I've heard people ask why they shouldn't use a single, unified partition, especially now that we have SSDs. While overwriting the disklabel(5) is not recommended and should be rare, it happens.
Separate partitions saved my bacon and my data.
Ah, you caught that? Yes, the partition was encrypted with softraid(4). Fortunately, softraid(4) details are stored in the parent partition. My script only overwrote the disklabel(5) of the inner, decrypted partition.
$ doas bioctl -i softraid0 Volume Status Size Device softraid0 0 Online 512105629696 sd1 CRYPTO 0% done 0 Online 512105629696 0:0.0 noencl <sd0a>
Had I nuked the disklabel(5) and softraid(4) details on sd0, the disk would've been a total loss. Unless you've done something really unique (like backing-up the softraid(4) info) there's no recovering the data.
Don't nuke the disklabel(5) and don't lose the password!
RAIDframe(4) was removed from OpenBSD in 5.2 in favor of softraid(4).
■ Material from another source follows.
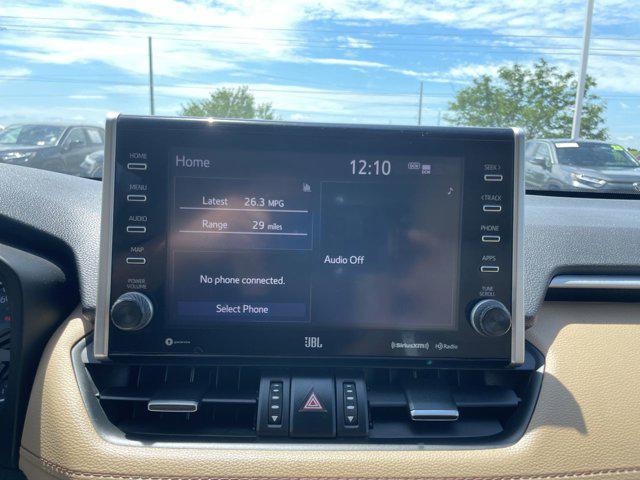used 2022 Toyota RAV4 car, priced at $31,000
You may have heard about that guy who recovered his OpenBSD crypto password. It's a true story (which you should read if you like technical spelunking).
The key details are:
- He didn't overwrite the disklabel(5)
- He didn't crack the crypto, he brute-forced decryption because he remembered a significant part of the password
What have we learned from this tale?
- backups, Backups, BACKUPS!
- Be careful with automation
- Use an OS with Sane Defaults
- When bad things happen, panic, but don't freak out
- Know your OS and its tools
- Read the base OS documentation
- backups, Backups, BACKUPS!
Due to using a well designed and implemented OS which I have taken the time to study, I was able to restore my data. Overwriting the disklabel(5) could have ended far worse than the loss of a few config files, some scripts and time.
There's some truth to the suggestion that these kind of near-miss disasters are valuable because they build skill and confidence. I wrote a blog post based on my experience that may help others in a similar situation.
Still, I'd rather have had a good backup to go to.
Yeah, I fixed the thumbdrive script and updated the backup system.
You can find the script and related Makefile on GitHub as OpenBSD Thumbdrive Utilities.
The images, heading links and most of the quotes and allusions above refer to the lyrics page at the OpenBSD site. Since version 3.0 the OpenBSD developers have released one or more songs with each system release, typically May and November.
Take a listen while you download the latest version.
During these hostile and trying times and what-not
OpenBSD may be your family's only line of defense